The OPTGRAPH Procedure

Shortest Path

Subsections:

Output Data Sets
Shortest Paths for All Pairs
Shortest Paths for a Subset of Source-Sink Pairs
Shortest Paths for a Subset of Source or Sink Pairs
Shortest Paths for One Source-Sink Pair
Shortest Paths with Auxiliary Weight Calculation
Shortest Paths with Negative Link Weights

A shortest path between two nodes u and v in a graph is a path that starts at u and ends at v and has the lowest total link weight. The starting node is called the source node, and the ending node is the sink node.

In PROC OPTGRAPH, shortest paths can be calculated by invoking the SHORTPATH statement. The options for this statement are described in the section SHORTPATH Statement.

The shortest path algorithm reports status information in a macro variable called _OPTGRAPH_SHORTPATH_. See the section Macro Variable _OPTGRAPH_SHORTPATH_ for more information about this macro variable.

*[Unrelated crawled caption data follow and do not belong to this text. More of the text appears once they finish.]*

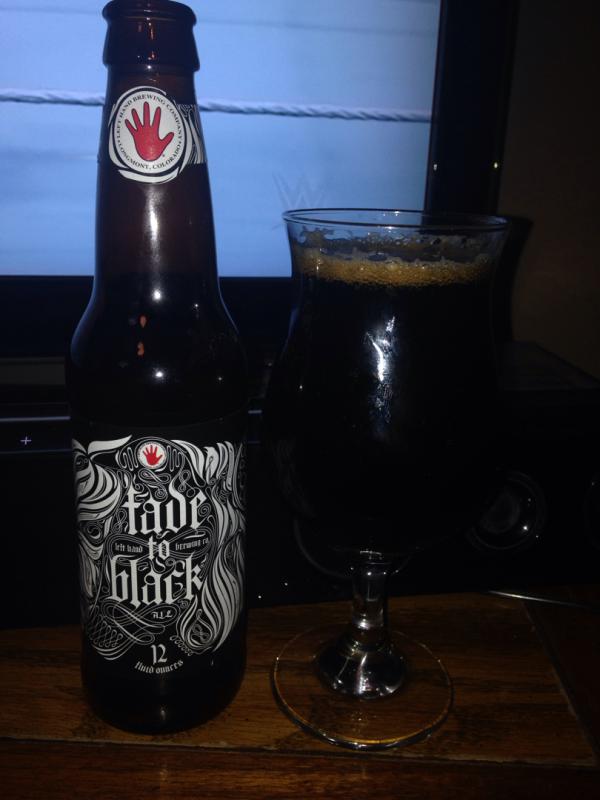 Fade To Black Volume 1 - Export stout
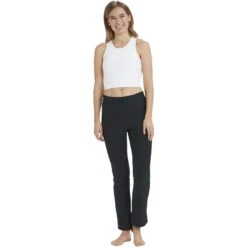 Athlecia Dormmi Gym Broek Dames - Zwart -Fitness-Mode Winkel athlecia dormmi w gym pants womens black b2 1439184
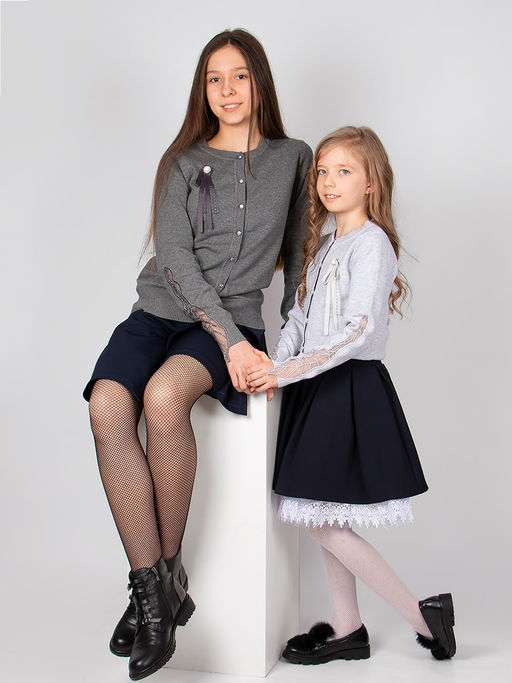 Кардиган для девочки Соль&Перец  фото 3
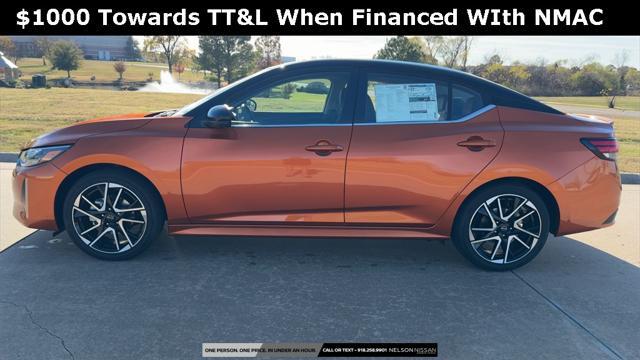 new 2025 Nissan Sentra car, priced at $28,228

By default, PROC OPTGRAPH finds shortest paths for all pairs. That is, it finds a shortest path for each possible combination of source and sink nodes. Alternatively, you can use the SOURCE= option to fix a particular source node and find shortest paths from the fixed source node to all possible sink nodes. Conversely, by using the SINK= option, you can fix a sink node and find shortest paths from all possible source nodes to the fixed sink node. Using both options together, you can request one particular shortest path for a specific source-sink pair. In addition, you can use the DATA_NODES_SUB= option to define a list of source-sink pairs to process, as described in the section Node Subset Input Data. The following sections show examples of these options.

The algorithm that PROC OPTGRAPH uses for finding shortest paths depends on the data. The algorithm and run-time complexity for each link type is shown in Table 1.58.

Table 1.58: Algorithms for Shortest Paths

Link Type	Algorithm	Complexity (per source node)
Unweighted	breadth-first search	$O(\|N\|+\|A\|)$
Weighted (nonnegative)	Dijkstra’s algorithm	$O(\|N\| \log \|N\| + \|A\|)$
Weighted (positive and negative allowed)	Bellman-Ford algorithm	$O(\|N\|\|A\|)$

Details for each algorithm can be found in Ahuja, Magnanti, and Orlin 1993.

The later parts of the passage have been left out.